各国の標準時を扱う機関は、時刻比較結果を基にして個々の原子時計の時刻情報を国際度量衡局(BIPM)に報告しています。BIPMは、各国から収集したデータを基にTAIとUTCの決定をしています。
(写真左)衛星双方向時刻比較方式
(写真右)GPS衛星を用いた時刻比較方式
(写真)衛星双方向 · GPS時刻比較アンテナ群
■国際時刻比較
国際間の正確な時刻比較を行う為、NICTは、2つの方式を使っています。GNSSを用いた時刻比較方式は、原子時計を搭載したGPS衛星などの航行衛星から送出される時刻情報と原子時計を保有する各機関のUTCとの時刻差を求める事が可能です。
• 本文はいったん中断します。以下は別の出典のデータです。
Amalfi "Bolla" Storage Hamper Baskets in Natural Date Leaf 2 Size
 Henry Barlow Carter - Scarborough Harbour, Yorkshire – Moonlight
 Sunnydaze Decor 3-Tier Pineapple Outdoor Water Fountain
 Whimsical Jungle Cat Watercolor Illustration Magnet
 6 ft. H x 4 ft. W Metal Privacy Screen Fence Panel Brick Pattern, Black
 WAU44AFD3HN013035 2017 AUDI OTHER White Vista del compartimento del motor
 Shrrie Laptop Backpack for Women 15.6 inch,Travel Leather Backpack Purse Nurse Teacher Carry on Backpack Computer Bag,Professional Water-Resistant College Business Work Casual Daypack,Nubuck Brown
各機関のUTCとの比較は、衛星の時刻情報を仲介にして計算で求めることができます。この時刻比較方式は、数億分の1秒から数百億分の1秒の精度で時刻比較を行うことが可能です。
静止衛星を用いた時刻比較方式は、商用の通信衛星を用い電波に乗せた時刻情報を双方で送りあい、機関間の時刻差を直接計算します。この時刻比較方式は数十億分の1秒から数百億分の1秒の精度で時刻比較を行うことが可能です。
現在では、両方式のデータを使いより精度の高い時刻比較を行っています。